HA visto alguna vez el entierro de un chino? ¿Ha leído alguna lápida escrita con los caracteres de su alfabeto? ¿Por qué estos orientales no tienen presencia en los cementerios? Para acabar con la leyenda urbana que da rienda suelta a la imaginación y hace especulaciones morbosas y de mal gusto, el Camposanto de la capital cuenta con dos nichos ocupados por estos orientales. El primero llegó al recinto funerario hace poco más de un año, y no pasó inadvertido. «Mucha gente pregunta si hay algún chino enterrado. En Granda, que recuerde, tenemos dos», apunta el responsable de Emucesa -la empresa pública que gestiona el cementerio-, José Antonio Muñoz.
Ni son inmortales, ni objeto de mafias que los intercambian por compatriotas vivos aprovechando que a los españoles nos parecen todos iguales, ni sirven para hacer rollitos de primavera. Al menos, en Granada, no resulta válida ninguna de estas explicaciones.
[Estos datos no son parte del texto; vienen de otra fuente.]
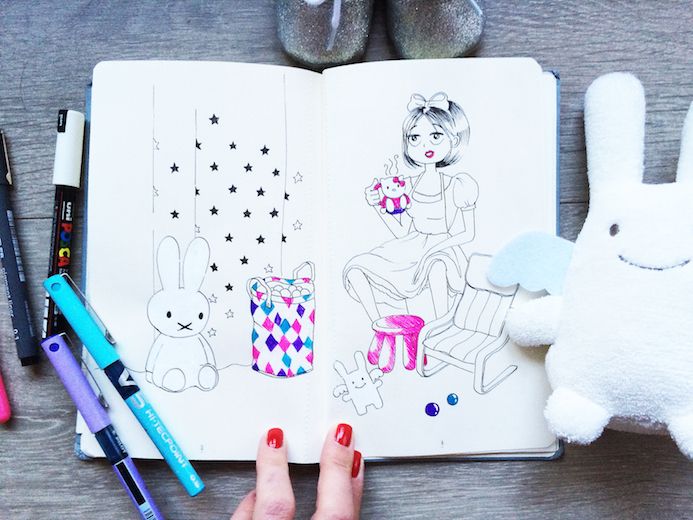 carnet dessin 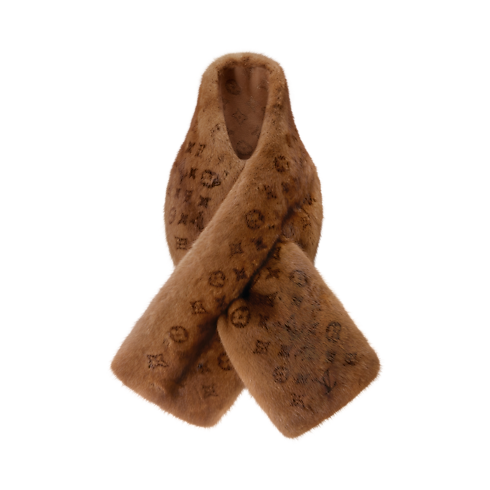 Mink Monogram Scarf . in Women's Accessories Scarves collections by Louis Vuitton (Product zoom)
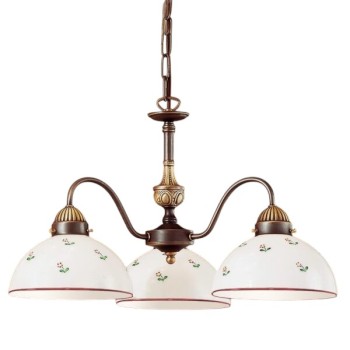 Candelabru NONNA alama antichizata Kolarz 731.83.69, D45 cm, 3xE27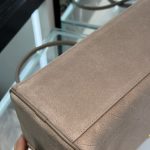 71688_suede_tan_2 Chanel Large Bowling Bag Suede Tan - chanel bowling bag replica detail 1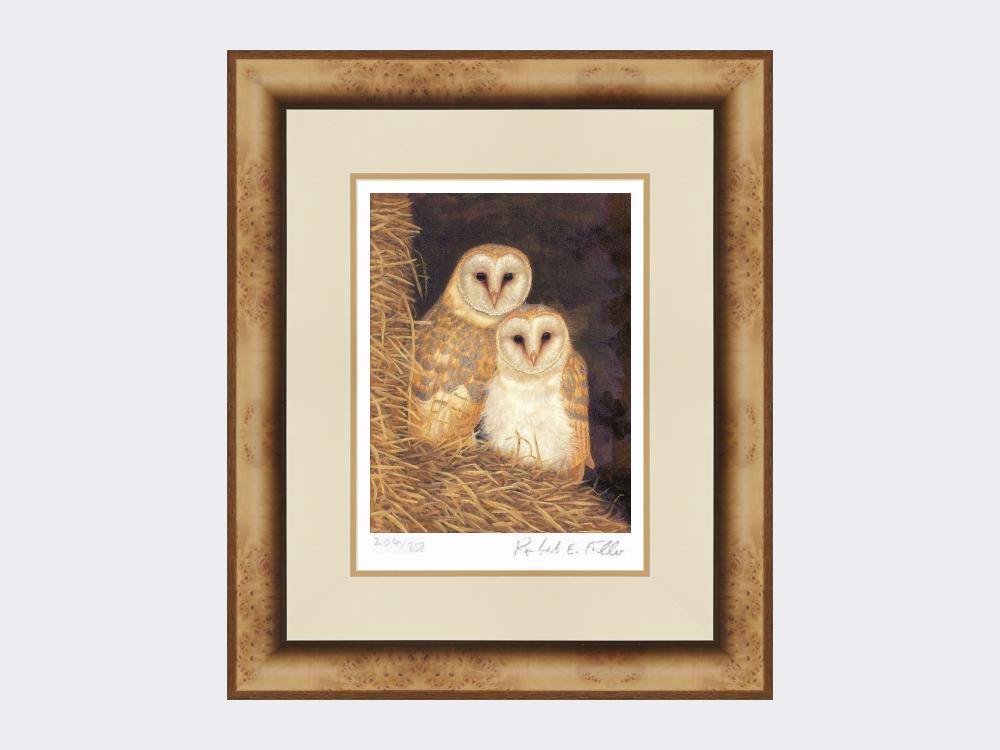 Snuggled-Up-Limited-Edition-Print-Medium-Light-Burr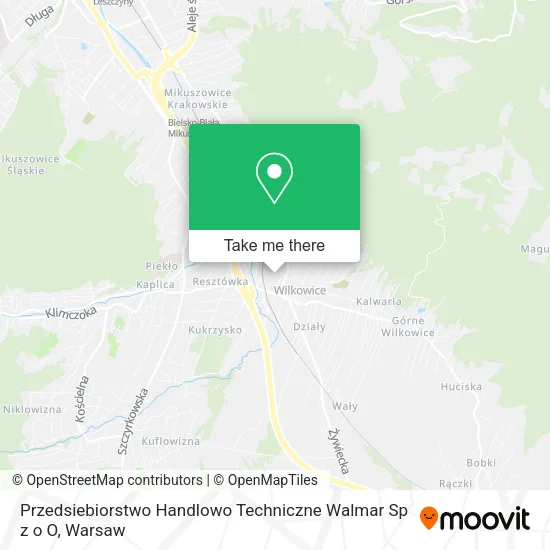 Карта Przedsiebiorstwo Handlowo Techniczne Walmar Sp z o O
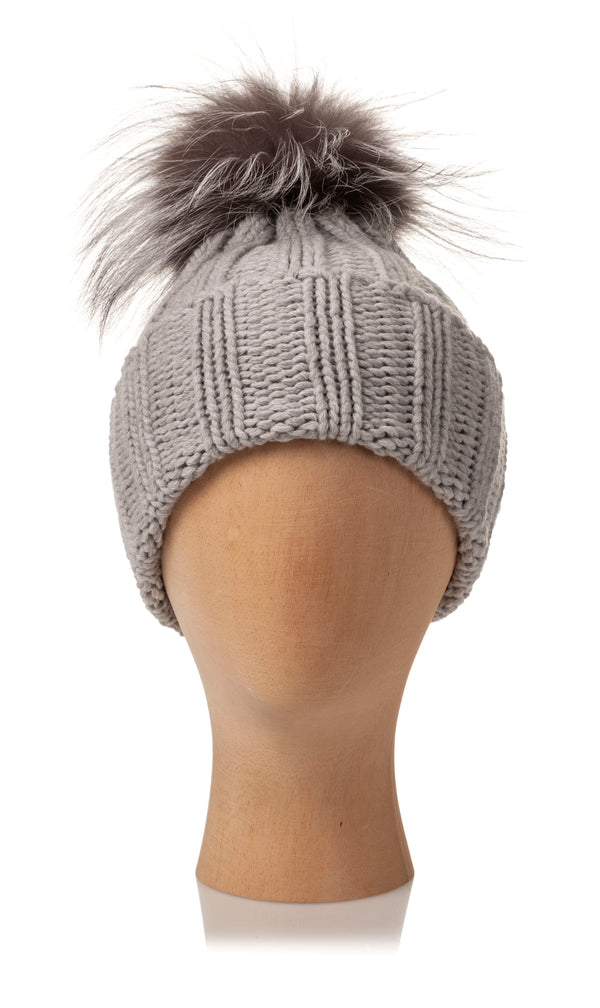 BEANIE WITH TURN-UP FOLD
Eso sí, encontrarlos en el cementerio sigue resultado infinitamente más complicado que entender qué es exactamente el plato de 'hormigas subiendo por el bambú' que luce en el menú de sus restaurantes.
Los españoles luchan contra las tradiciones de un 'Halloween' repleto de calabazas agujereadas a fuerza de castañas asadas y visitas a los cementerios. Y los chinos combaten, a su manera, las tradiciones granadinas. Ningún comercio oriental cerrará hoy por la festividad de los Santos, que ellos celebran en abril con brindis de vino. Los expertos en cultura china argumentan la falta de enterramientos chinos en la provincia recalcando que su tradición consiste en morir cerca de casa. La explicación tiene menos chicha que los bulos que pintan un chino troceado dentro del congelador esperando la elección de los comensales de un restaurante, pero hay que remitirse a las pruebas de un nicho familiar dedicado a toda una estirpe. En el último año y medio se han celebrado dos enterramientos de orientales en el camposanto granadino, todo un récord. Y no hubo los tradicionales 'estriptis' que el Gobierno chino ha prohibido frente a la tradición rural durante la sepultura, al menos que se sepa.
Salvando a los dos orientales del camposanto granadino, el resto de los 50.000 enterramientos siguen las tradiciones granadinas. Ayer, los nichos lucían repletos de flores, impecables.
El silencio del cementerio se llenó de pronto de ruido de escaleras, familias adecentando las sepulturas de sus seres queridos y el incesante ir y venir de miles de ciudadanos repletos de un sentimiento de nostalgia que, en muchos casos, sólo florece en esta época del año.
Incineración
Pero las tradiciones cambian, la economía manda, y cada vez más granadinos apuestan por la incineración frente a los nichos.
Cuatro de cada diez fallecimientos se solucionan con esta fórmula. Según recalca el responsable de Emucesa, el porcentaje de incineraciones se incrementó el año pasado un cinco por ciento respecto a 2004.
En el jardín
Y también hay tendencias. Existen tres posibilidades para mantener las cenizas en el camposanto. Los familiares pueden optar por depositar las cenizas en el jardín del mismo nombre. Se hace con unas bolsas biodegradables que desaparecen en un mes. Para los que conserven un toque tradicional, existe una zona para enterrar las urnas con los restos del fallecido incinerado y una tercera opción que mezcla los restos con otros fallecidos. Por cambio o por dinero, acabar siendo ceniza se convierte en una opción cada vez más recurrida.